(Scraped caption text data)
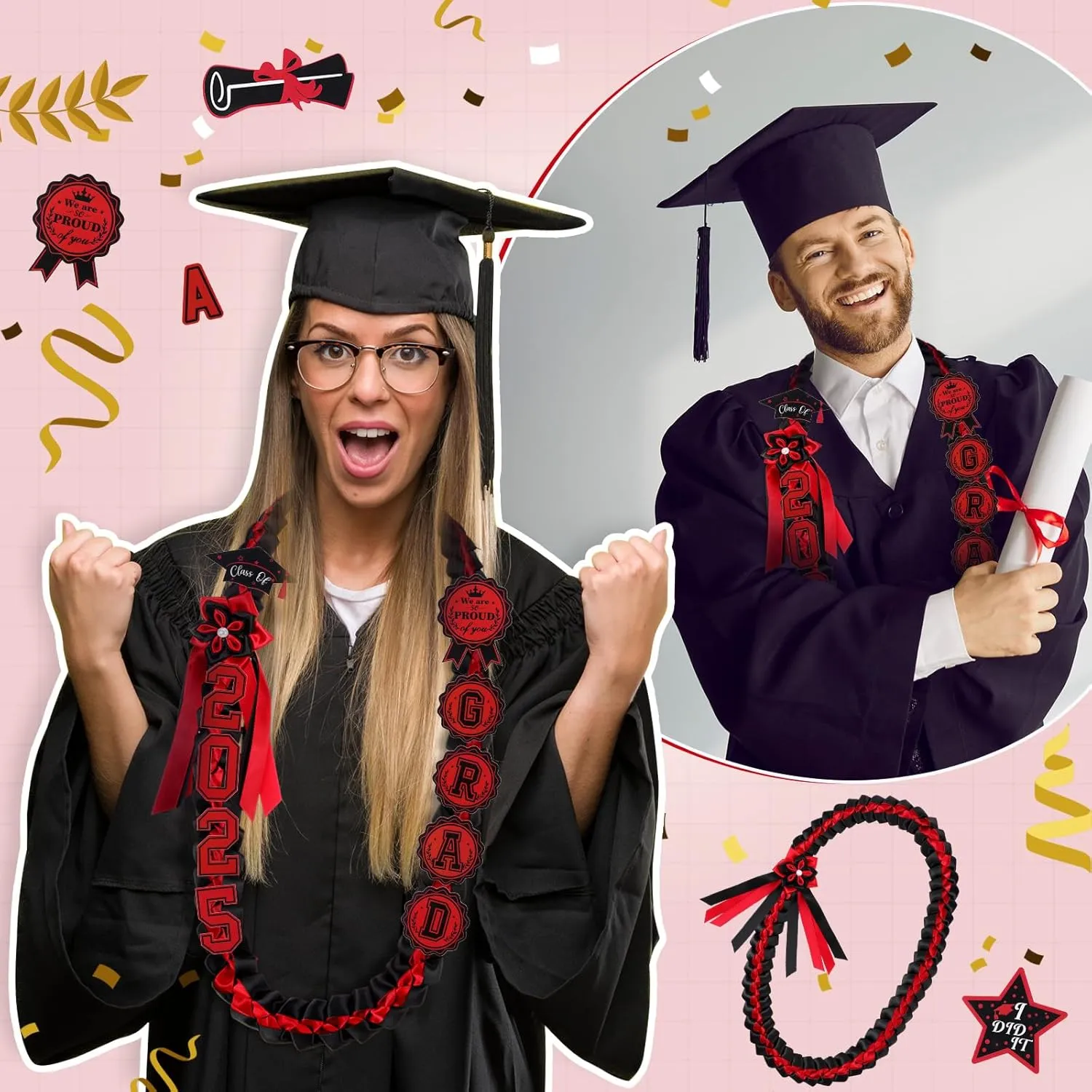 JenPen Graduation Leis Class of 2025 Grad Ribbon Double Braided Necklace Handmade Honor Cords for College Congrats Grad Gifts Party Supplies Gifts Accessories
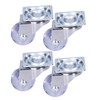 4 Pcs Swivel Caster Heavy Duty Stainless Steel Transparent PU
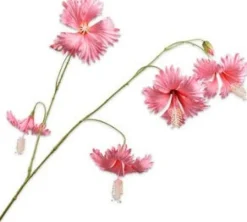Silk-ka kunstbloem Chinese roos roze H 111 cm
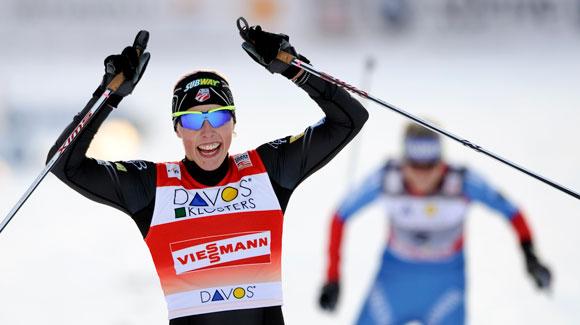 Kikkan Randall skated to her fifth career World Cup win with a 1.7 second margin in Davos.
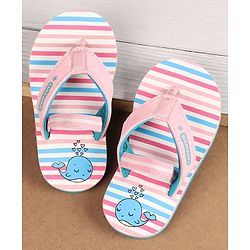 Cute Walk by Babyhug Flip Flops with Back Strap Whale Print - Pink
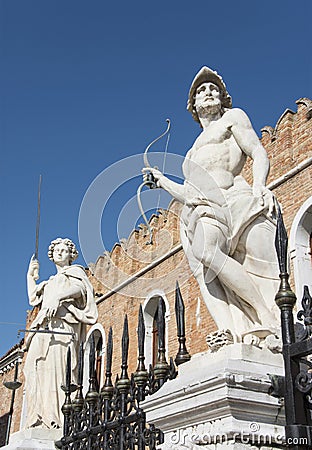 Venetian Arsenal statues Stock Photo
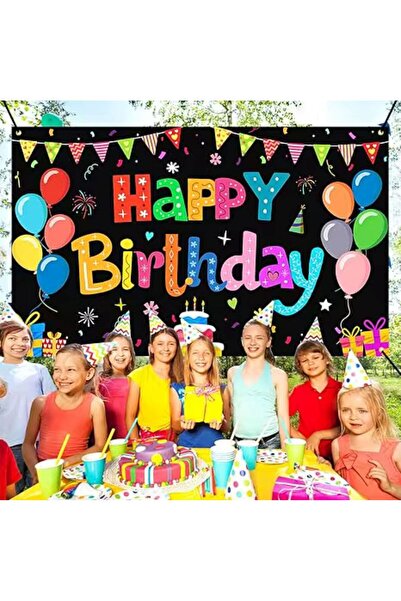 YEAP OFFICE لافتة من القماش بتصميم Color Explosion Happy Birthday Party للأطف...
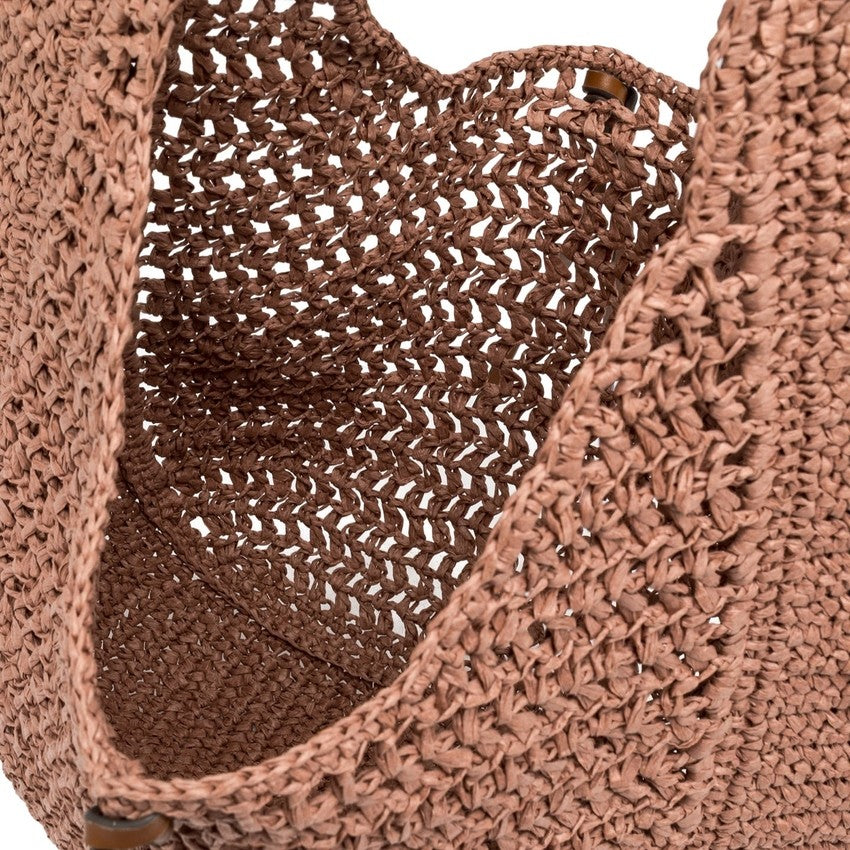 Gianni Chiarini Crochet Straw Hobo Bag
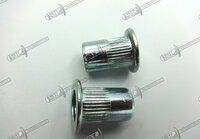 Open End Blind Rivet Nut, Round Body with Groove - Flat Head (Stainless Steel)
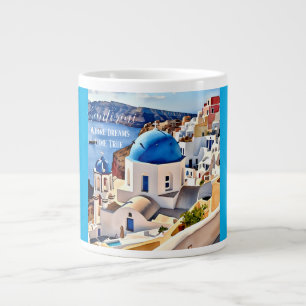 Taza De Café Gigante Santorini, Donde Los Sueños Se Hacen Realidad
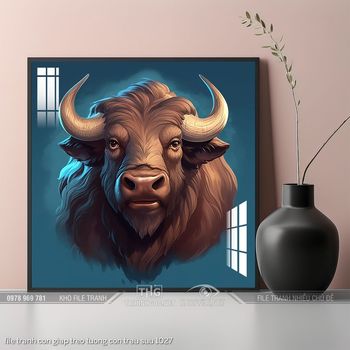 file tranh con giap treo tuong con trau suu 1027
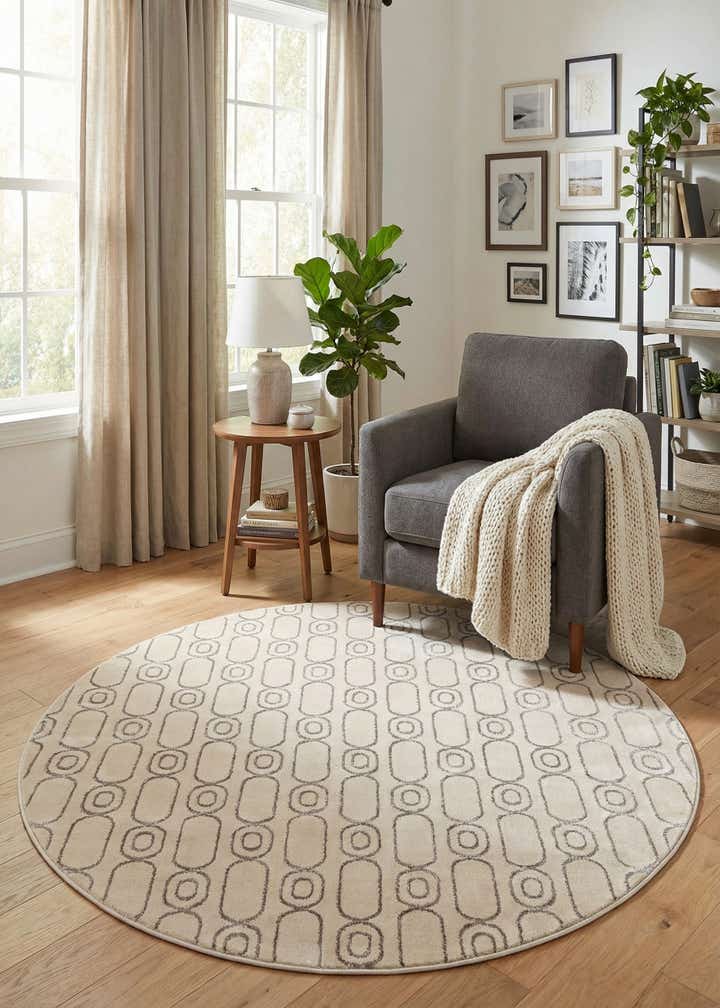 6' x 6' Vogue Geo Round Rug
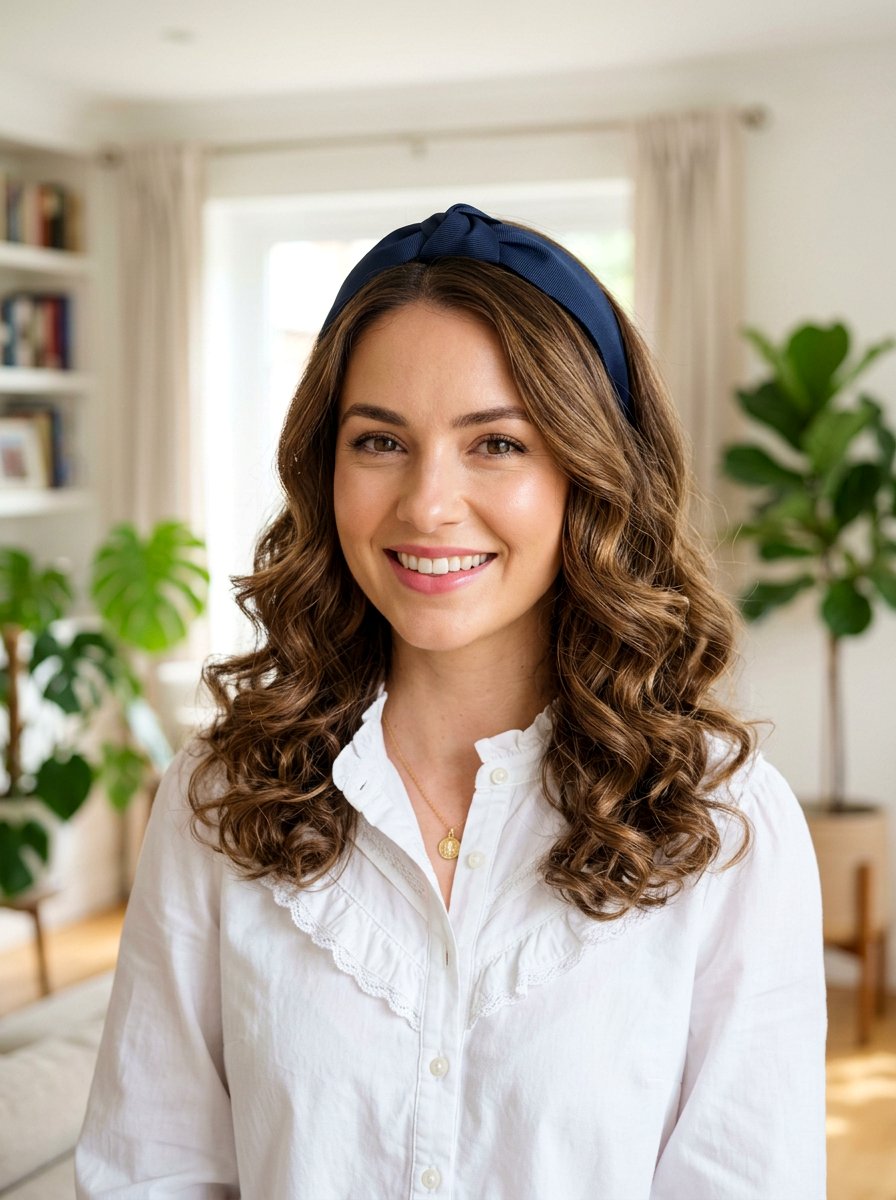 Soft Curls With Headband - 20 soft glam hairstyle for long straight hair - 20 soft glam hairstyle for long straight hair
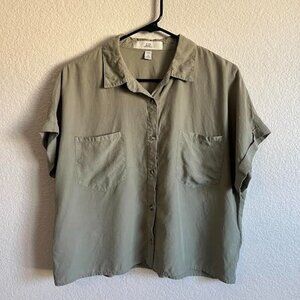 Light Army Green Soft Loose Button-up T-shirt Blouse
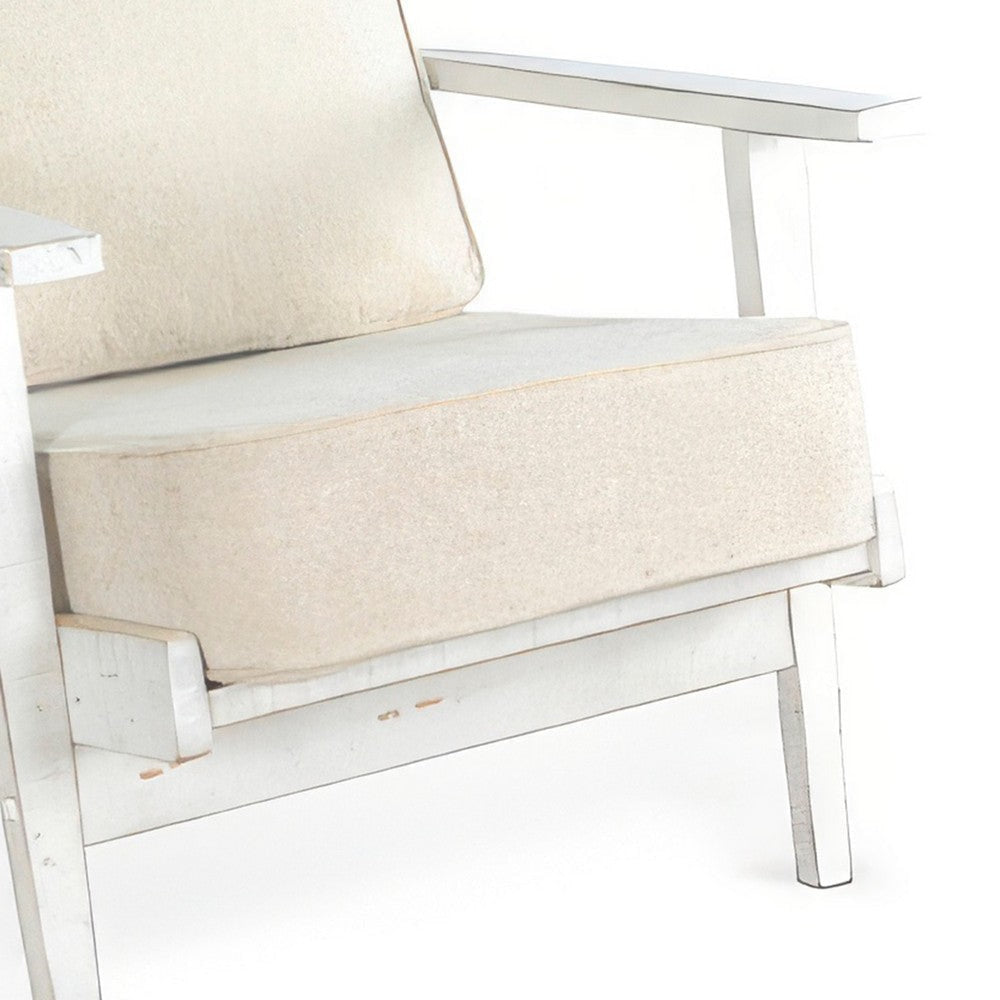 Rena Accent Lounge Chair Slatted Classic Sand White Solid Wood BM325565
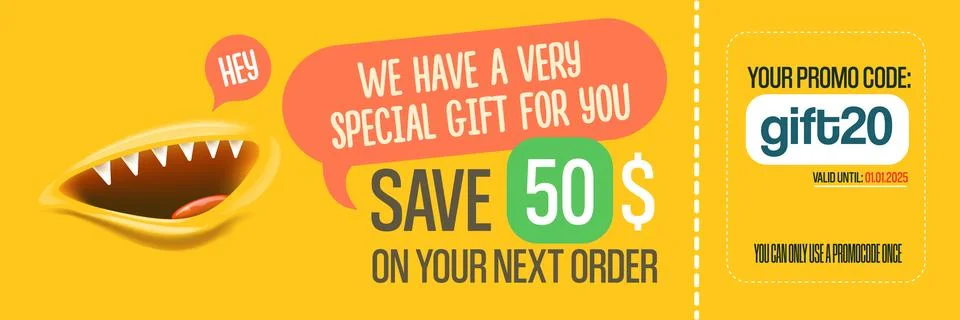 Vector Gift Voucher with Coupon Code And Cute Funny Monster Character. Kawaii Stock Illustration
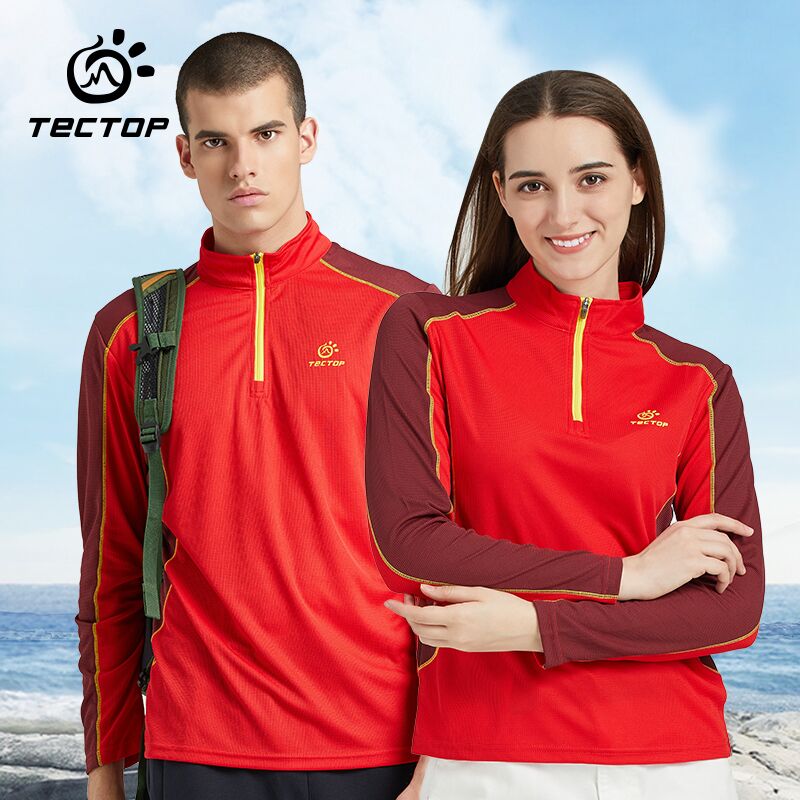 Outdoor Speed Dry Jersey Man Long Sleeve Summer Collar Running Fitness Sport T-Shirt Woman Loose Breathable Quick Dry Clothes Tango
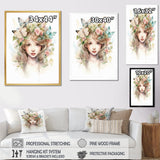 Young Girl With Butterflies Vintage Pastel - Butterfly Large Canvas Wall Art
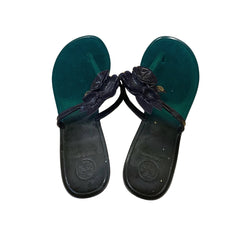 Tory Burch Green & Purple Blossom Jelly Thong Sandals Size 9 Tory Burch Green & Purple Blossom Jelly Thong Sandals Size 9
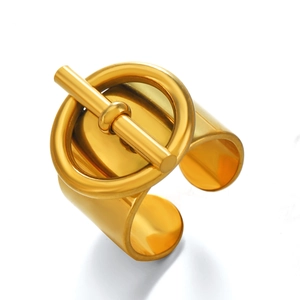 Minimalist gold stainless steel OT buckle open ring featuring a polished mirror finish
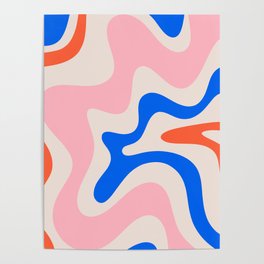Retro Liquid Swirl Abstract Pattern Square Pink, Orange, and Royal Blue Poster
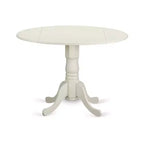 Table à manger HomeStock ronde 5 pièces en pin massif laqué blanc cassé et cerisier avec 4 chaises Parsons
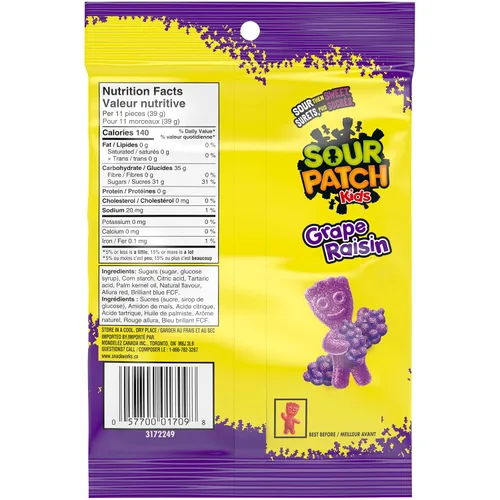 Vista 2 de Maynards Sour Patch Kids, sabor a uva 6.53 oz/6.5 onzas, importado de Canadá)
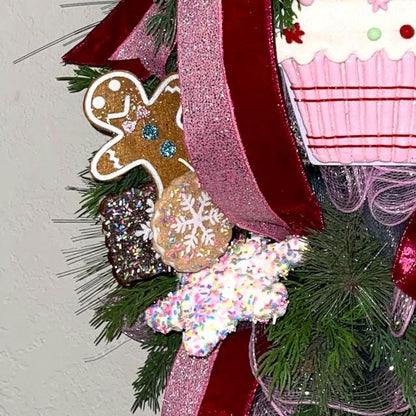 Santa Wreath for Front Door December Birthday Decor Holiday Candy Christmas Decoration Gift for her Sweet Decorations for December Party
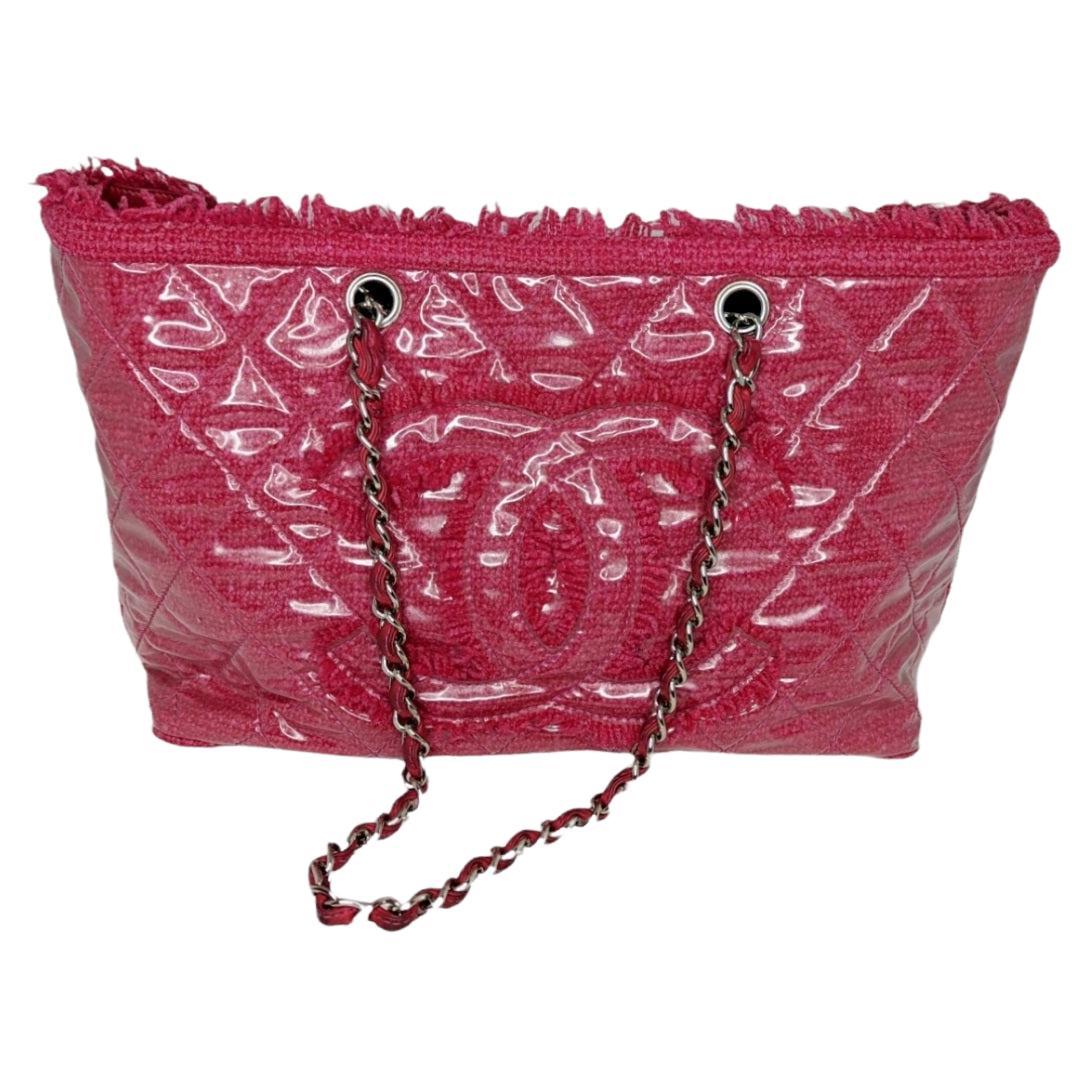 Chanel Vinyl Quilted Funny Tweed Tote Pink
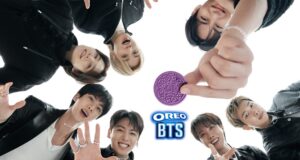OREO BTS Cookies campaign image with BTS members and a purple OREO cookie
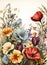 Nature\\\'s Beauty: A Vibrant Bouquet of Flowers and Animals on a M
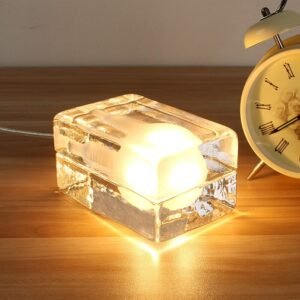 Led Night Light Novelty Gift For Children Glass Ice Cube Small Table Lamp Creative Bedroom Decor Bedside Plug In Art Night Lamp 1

• [Exercise details]
Work from the entries above. Set down exactly and only the lines from the line with "Outdoor Speed Dry" to the line with "Nature\\\'s Beauty: A", both included, and leave the pictures out.

• [Answer for the task]
 Outdoor Speed Dry Jersey Man Long Sleeve Summer Collar Running Fitness Sport T-Shirt Woman Loose Breathable Quick Dry Clothes Tango
 Young Girl With Butterflies Vintage Pastel - Butterfly Large Canvas Wall Art
 Tory Burch Green & Purple Blossom Jelly Thong Sandals Size 9 Tory Burch Green & Purple Blossom Jelly Thong Sandals Size 9
 Minimalist gold stainless steel OT buckle open ring featuring a polished mirror finish
Retro Liquid Swirl Abstract Pattern Square Pink, Orange, and Royal Blue Poster
 Table à manger HomeStock ronde 5 pièces en pin massif laqué blanc cassé et cerisier avec 4 chaises Parsons
 Vista 2 de Maynards Sour Patch Kids, sabor a uva 6.53 oz/6.5 onzas, importado de Canadá)
 Santa Wreath for Front Door December Birthday Decor Holiday Candy Christmas Decoration Gift for her Sweet Decorations for December Party
 Chanel Vinyl Quilted Funny Tweed Tote Pink
OREO BTS Cookies campaign image with BTS members and a purple OREO cookie
 Nature\\\'s Beauty: A Vibrant Bouquet of Flowers and Animals on a M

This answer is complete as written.